- Court: United States Court of Appeals for the Second Circuit
- Full case name: United States v. Milton Brechner
- Argued: April 19, 1996
- Decided: November 1, 1996
- Citations: 99 F.3d 96; 79 A.F.T.R.2d 97-878; 65 USLW 2351; 96-2 USTC (CCH) ¶ 50,582

Court membership
- Judges sitting: Roger Miner, Joseph M. McLaughlin, Pierre N. Leval

Case opinions
- Majority: Leval, joined by a unanimous court

Laws applied
- United States Sentencing Guidelines

= United States v. Brechner =

American legal case

United States v. Brechner, 99 F.3d 96 (2d Cir. 1996), is a Second Circuit Court of Appeals decision holding that a defendant's failure to provide entirely truthful information pursuant to a plea agreement is a legitimate basis for prosecutors to revoke a promise to move for a downward departure at sentencing.

==Background==
Milton Brechner was president of a company that manufactured stuffed toy animals for sale to carnivals. The government determined that he used this company to engage in extensive tax fraud schemes, by both failing to report income from customers and, it was later determined, by receiving kickbacks from suppliers in return for paying inflated invoices.

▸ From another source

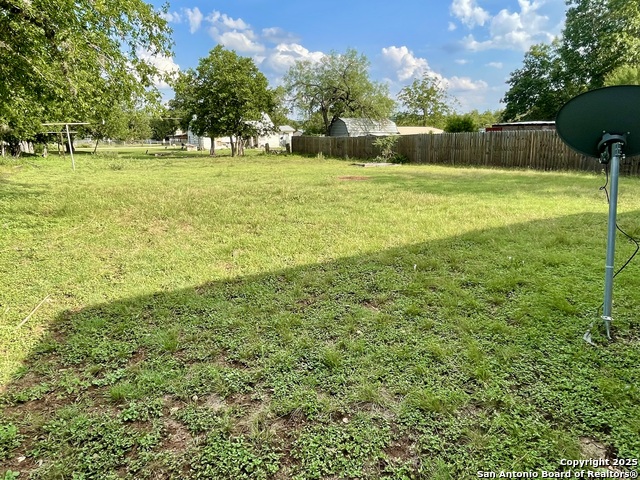 Image 23 of 35 For 406 Hackberry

In January 1992, Brechner agreed to plead guilty to four counts of income tax evasion in exchange for prosecutors agreeing not to charge Brechner's company or his family for their involvement in the schemes. In May 1992, Brechner contacted the Assistant U.S. Attorney in charge of the investigation and offered to provide information about a corrupt bank officer Brechner had bribed. In exchange, Brechner asked for a downward departure on his sentence. A written agreement was executed, in which Brechner agreed to give "truthful, complete, and accurate information" and the U.S. Attorney agreed to move for a downward sentencing departure under § 5K1.1 of the United States Sentencing Guidelines. However, the agreement cautioned that "Should it be judged by the [U.S Attorney's] Office that the defendant has failed to cooperate fully, has intentionally given false, misleading, or incomplete information or testimony… or has otherwise violated any provision of this agreement, the defendant will not be released from his plea of guilty but this Office will be released from its obligation under this agreement … [to file the § 5K1.1 motion]."

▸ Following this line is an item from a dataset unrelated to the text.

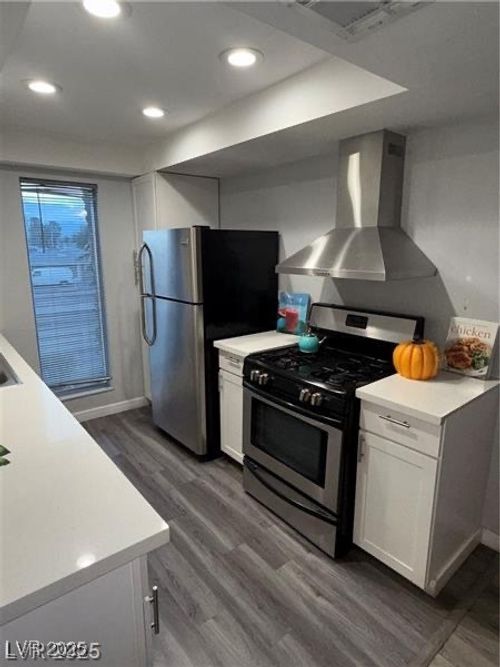 26-3152 S Eastern Ave, Las Vegas, NV, 89169-3364 | Card Image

Brechner participated in the government's bribery investigation of the bank officer for over a year. The bank officer was arrested in September 1993. At a debriefing session following the arrest, Brechner was questioned by the Assistant U.S. Attorney about receiving kickbacks from suppliers. Brechner initially denied receiving any such payments, but after the session was stopped by his lawyer and the two of them conferred, Brechner admitted to the kickbacks.

After the debriefing, the Assistant indicated that he was not inclined to move for a downward departure due to Brechner's deception. At sentencing, the government declined to move for a downward departure. Brechner moved to compel the § 5K1.1 motion. At a hearing on that motion, the district court judge found that Brechner had "cooperated fully and completely" and that his "substantial assistance" warranted a §5K1.1 motion. The government appealed.

==Decision of the Second Circuit Court of Appeals==
The appellate court focused on the explicit terms of the written agreement, which required that Brechner "provide truthful, complete, and accurate information" and that the government would be released from its obligation to file a §5K1.1 motion if Brechner had "intentionally given false, misleading, or incomplete information." The court stated "By falsely denying his receipt of kickbacks from [the suppliers], Brechner breached his obligations under the agreement. According to the terms of the agreement, the government was expressly entitled to withhold the letter in those circumstances."

The court disagreed with the district court's finding that the breach was not material and Brechner's lies were merely "trivial defects." To the contrary, the Court of Appeals found that "these lies, although swiftly corrected, seriously undermined Brechner's credibility as a potential government witness… By lying to the prosecutor during the period of his cooperation about his own criminal involvement, Brechner made it impossible for the government to argue at any future trial that, despite his past sins, Brechner had acknowledged his guilt, turned over a new leaf and cooperated in a truthful and trustworthy manner." Since the Supreme Court's decision in Giglio v. United States required that defendants have access to information relating to a government witness's credibility and the potential for harsh cross-examination created a serious problem for the government, the court found that Brechner's lies "provided good faith grounds for refusing to move for a downward departure."